New Jersey Gov. Phil Murphy onstage
New Jersey Gov. Phil Murphy in downtown Newark, where many people could benefit from a wage board raise!
Eduardo Munoz Alvarez/Getty Images
Dylan Matthews is a senior correspondent and head writer for Vox's Future Perfect section and has worked at Vox since 2014. He is particularly interested in global health and pandemic prevention, anti-poverty efforts, economic policy and theory, and conflicts about the right way to do philanthropy.

2019 has been an outstanding year for advocates of a higher minimum wage. New Jersey, Maryland, and Illinois all enacted increases that will make their minimum $15 an hour by 2024 or 2025; New Mexico enacted a bill that would get to $12 by 2023. Ten other states, including California and New York, saw previously enacted wage hikes take effect this year. These increases will likely provide an economic boost to workers on the lower reaches of the income distribution over the next few years.

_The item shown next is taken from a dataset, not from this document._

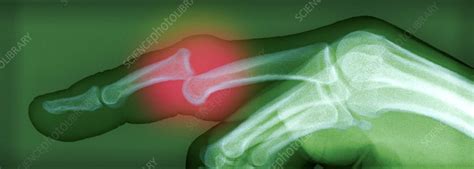 Dislocated Finger Stock Image M3301023 Science Photo Library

Workers at the very bottom aren’t the only ones struggling; the average worker has also had it tough in recent decades. According to the merry band of Franco-American inequality researchers Emmanuel Saez, Thomas Piketty, and Gabriel Zucman, incomes for the bottom 50 percent of working-age Americans have not grown at all since 1980. Income gains have been exclusively concentrated among seniors (mostly in the form of costlier Medicare benefits) and the rich, especially the top 1 percent, top 0.1 percent, and beyond.

The depth of this stagnation for folks in the bottom half of the distribution is hard for minimum wage increases, higher taxes, and redistribution alone to reverse. But there’s a tool that at least three major states — California, Colorado, and New Jersey — could use to help reverse the stagnation, a tool that doesn’t require any unpopular tax increases.

The tool is a wage board, and it’s the law of the land in those three states. They’ve been employed in the past to raise wages not just at the bottom but all across the distribution, yet they remain obscure and underused. That could change if governors like Gavin Newsom, Phil Murphy, and Jared Polis decide to use them — and they don’t need their legislatures to go along with it.

If those governors do use wage boards, they could secure massive raises for workers whose pay has stagnated for decades.

How wage boards work

Wage boards work by bringing together businesses and workers (often represented by unions) with the state’s executive branch, and engaging in bargaining to determine a wage scale for a whole industry.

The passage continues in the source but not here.